※小池龍之介「出家空間」より。現在はすでに閉鎖
ホームレスになった僧侶が「お城を守る」を語る
「自分のお城を守る」というテーマですのに、今回の原稿は、家屋に住むのを捨て、言わばホームレスになった者が、ベンチに座って書いています。
世捨て人となった出家修行者が「お城を守る」という世間的なテーマについてアドバイスするのも何となく説得力に欠けそうな気もするところですが、もう少しでこの連載が終了するまで、お付き合いいただきましょう。
さて、その世間、世俗とは、偽善に満ち満ちています。
今回は、「偽善者さん」という人物像を取りあげてみながら、実に巧妙に心へと侵略してくる偽善的な人々から、自らを守る方法をお伝えしてみようと思います。
やつらは、「すごーい」「さすがですね」を連呼する
というのも、これまで取りあげてきたようなあからさまに嫌な感じの人々や、攻撃的な人々というのは、侵略者としては、ある意味レベルが低いのです。なぜなら、彼らは見るからに面倒で嫌な感じなので、対策を立てて防御したり、それが難しければ距離を置いたり離れてしまえば良いだけなのですから。

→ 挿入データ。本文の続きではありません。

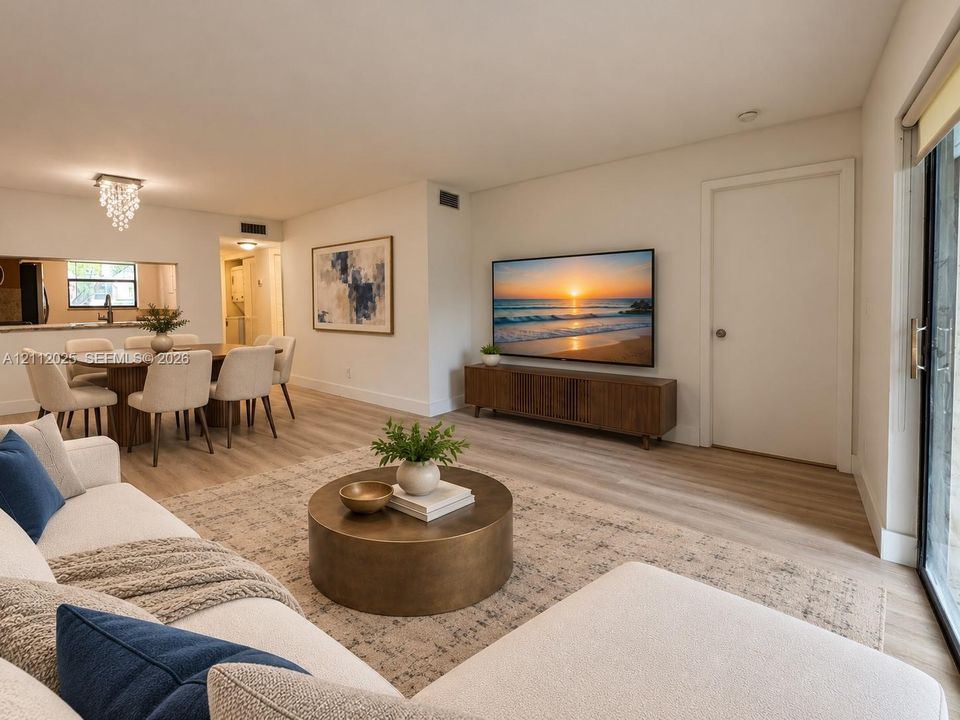 Open-concept interior featuring wood-finish flooring, a contemporary crystal chandelier, and a sliding glass door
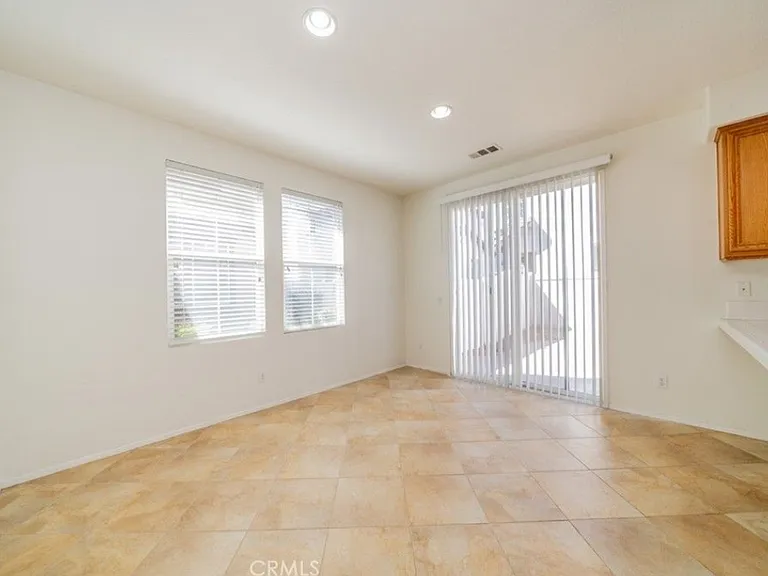 This picture shows the breakfast bar area and large dining room. It also shows the sliding glass door that enters the backyard and two windows that face the front of the house.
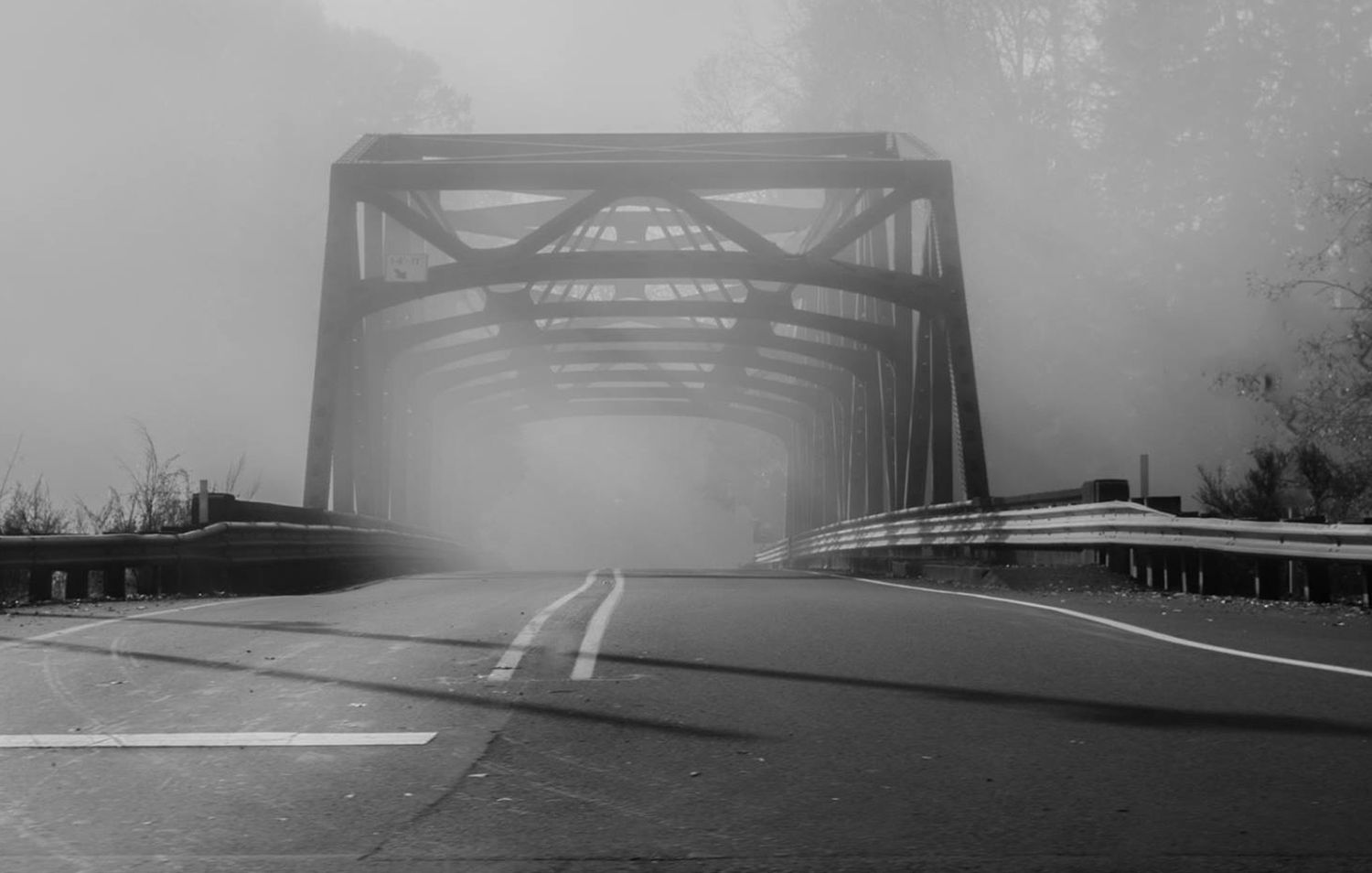 Steel bridge structure disappearing into thick fog on a rural highway.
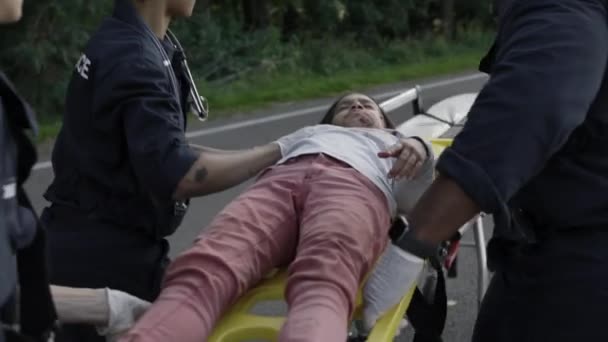 Ambulanciers paramédicaux multiculturels portant un enfant blessé sur civière — Video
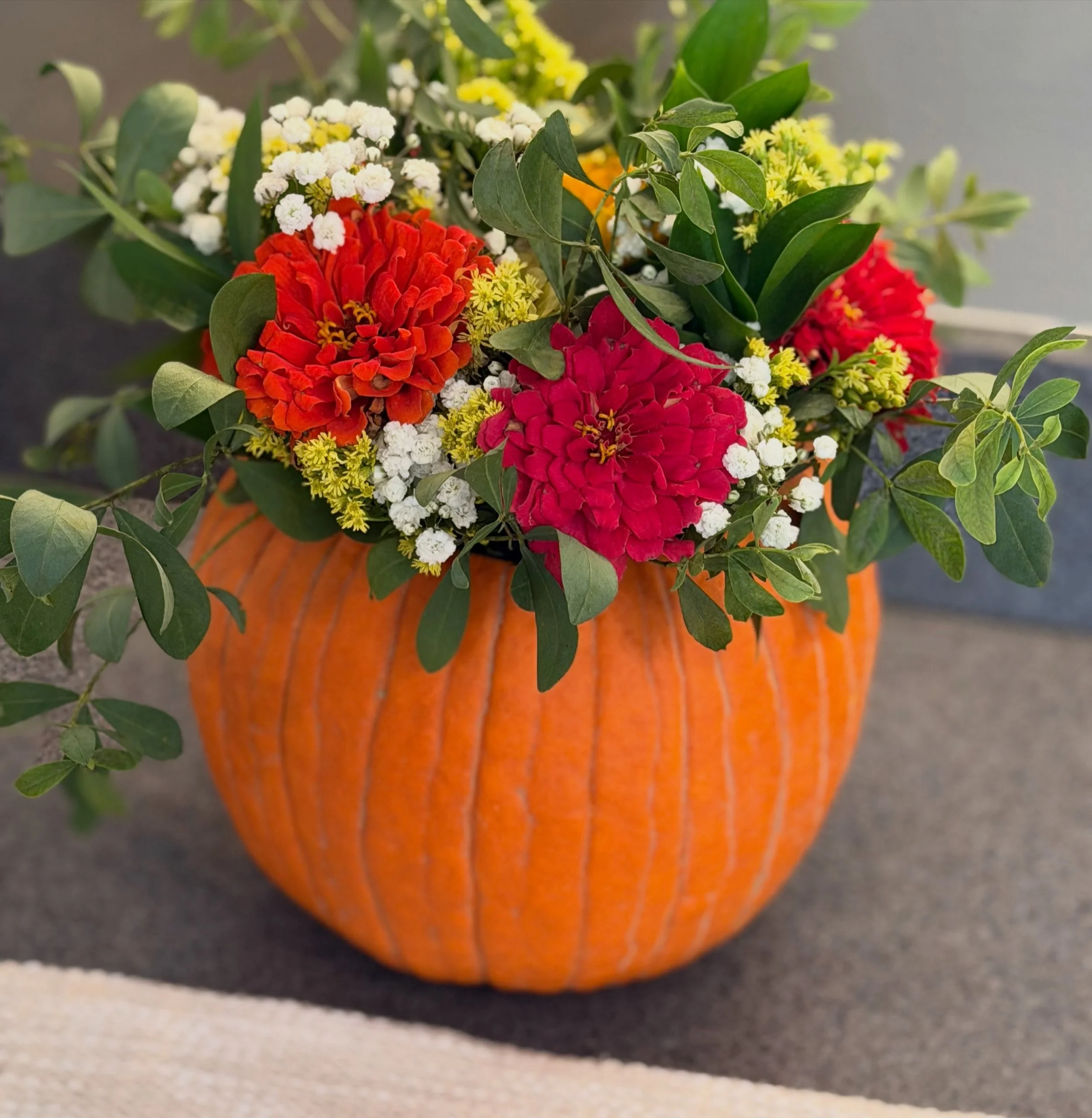 Colorful flower arrangement with red zinnias, white and yellow flowers, and greenery in an orange pumpkin vase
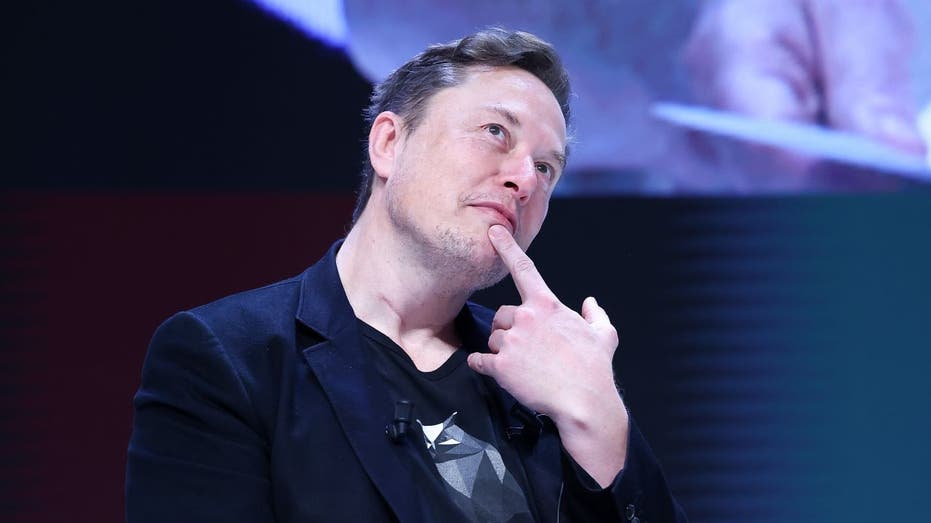 Elon Musk in a thoughtful repose with his finger on his chin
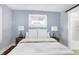 Calming bedroom with light blue walls, features matching lamps and a bright window at 1028 Albany St, Indianapolis, IN 46203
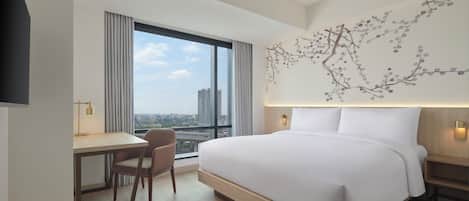 A modern hotel room with a large bed, a desk, and a chair. There is a large window with a view of the city.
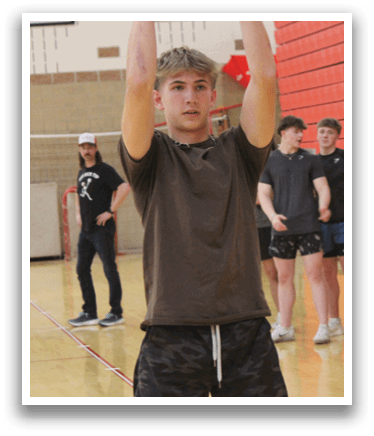 A man holding a black ball in a gym. Description generated by AI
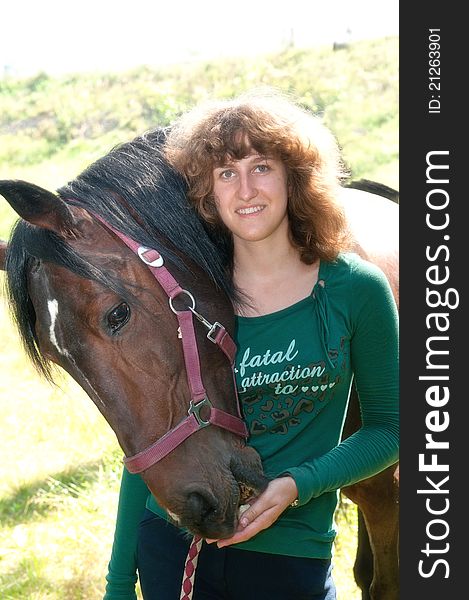 Outdoor portrait of the young smiling girl and horse. Outdoor portrait of the young smiling girl and horse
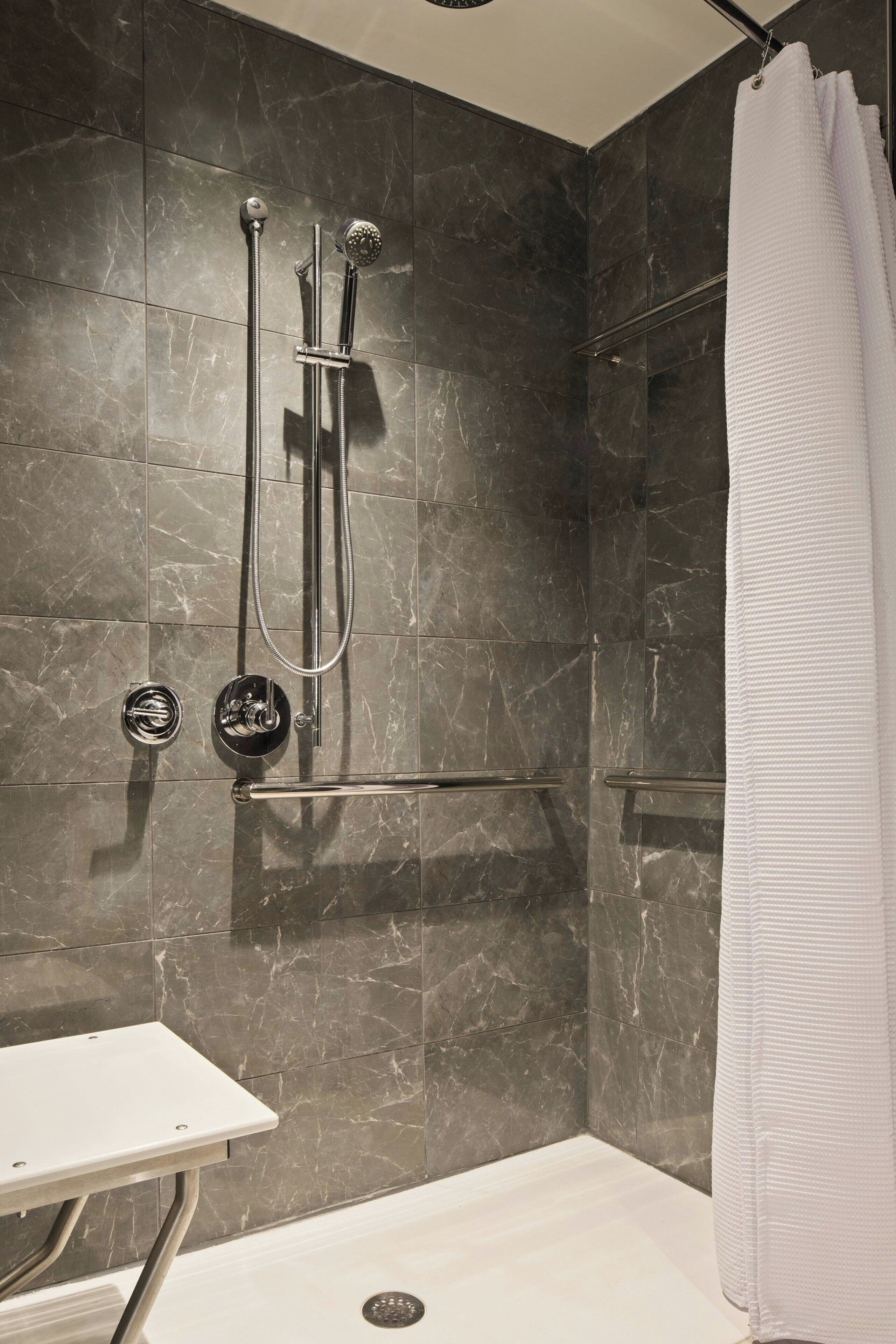 rainfall showerhead, hair dryer, towels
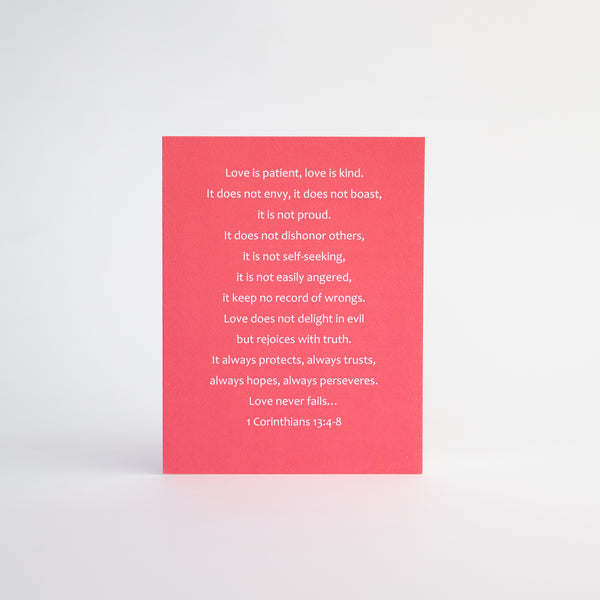 4.25 x 5.5 inch Christian Bible verse greeting card featuring 1 Corinthians 13:4-8 from the New International Version of the Holy Bible printed on Neenah Royal Sundance Cover (felt finish). Blank in the middle, additional devotional thought on the back, white envelope.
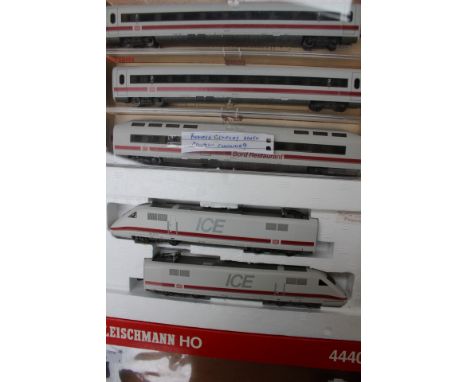 Fleischmann HO 4440 set, and three associated coaches, boxed.
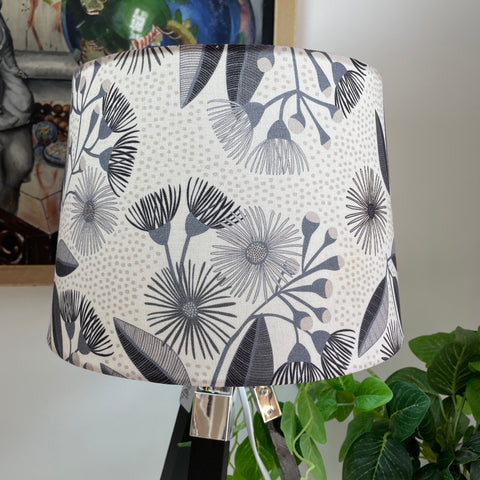 Fabric lampshade with eucalyptus blossom pattern, lit.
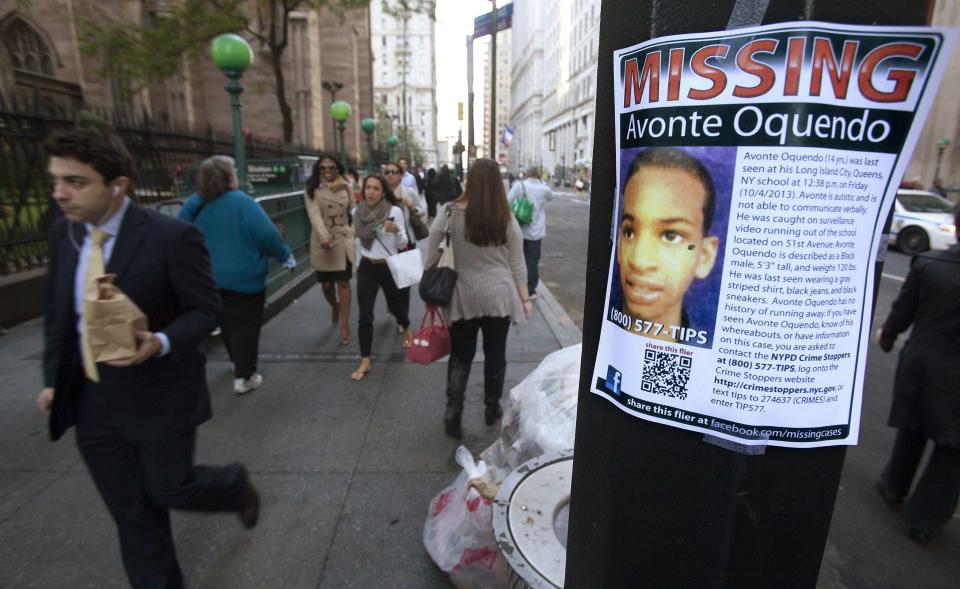 A poster for Avonte Oquendo, a missing 14-year-old autistic child, is seen in downtown New York October 15, 2013. Oquendo has been missing for 11 days since walking out of his school on October 4, and a $70,000 reward has been offered for his safe return. REUTERS/Carlo Allegri (UNITED STATES - Tags: SOCIETY)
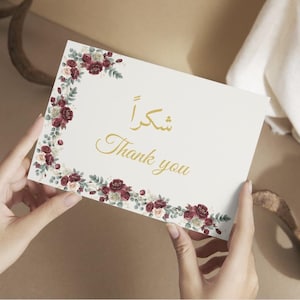 May include: A rectangular white card featuring a floral border of deep red and cream roses with green leaves. The card displays the text Thank you in gold script, accompanied by the Arabic word for thank you in matching gold lettering.
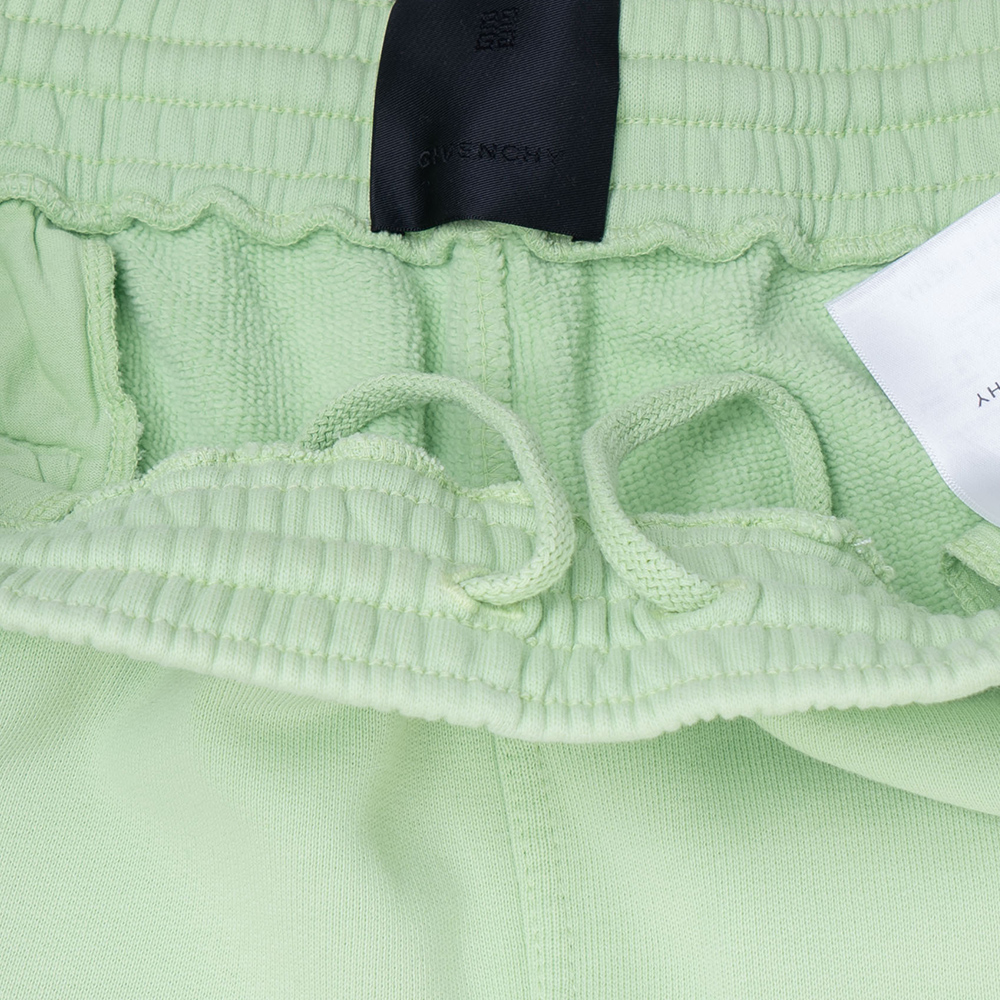 Purchase GIVENCHY x Josh Smith FW22  Green Slim Jogger Pants with Art Embroidery Patch. BM51173Y69-340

ところが、「偽善者さん」の場合ときたら、なかなかそうはいきません。素敵な笑顔や、感じの良い言葉を連発しながら、グイグイと侵略してくるでしょうからね。
偽善者さんは、あなたに対して「すごーい」とか「さすがですね」とか「センスがいいですね」などと褒めるのが上手なはずなので、注意していないと、うっかり慢心をくすぐられてお城に入りこまれてしまうのですよ。
それの何が問題なのか、と思われますでしょうか?偽善者さんは、相手を褒めて気持ちよくさせれば自分が受け入れられ、言うことを聞いてもらえるメリットがあることを体得していますので、本心はさほど思っていなくても、とにかくよさそうなことばかり口にします。
甘い言葉を聞かされてその気になると、知らないうちにマインドコントロールされてしまう可能性があります。
偽善者モンスターの目的は、相手を操ること
その典型例を挙げてみましょう。子どもがちょっと利他的なことをしただけで―たとえばお菓子を人にわけてあげたいとか―過剰におだてるのです。
「わー、○○ちゃんは偉いね。優しい子だね!本当に、優しいねぇ」だなんて。
これは、偽善的マインドコントロールに他なりません。冷静に見れば、「そうだね、皆で一緒に分かちあうのは、良いことだね」と穏やかに言うくらいが、過不足なく、親と子が対等でいられるのです。
それに反して、「優しいねぇー!」とはやし立てるとき、暗に、褒めて「承認された」という快楽を与え、その快楽に中毒化して同じことを繰り返すようにと、子どもを支配しようとしているのです。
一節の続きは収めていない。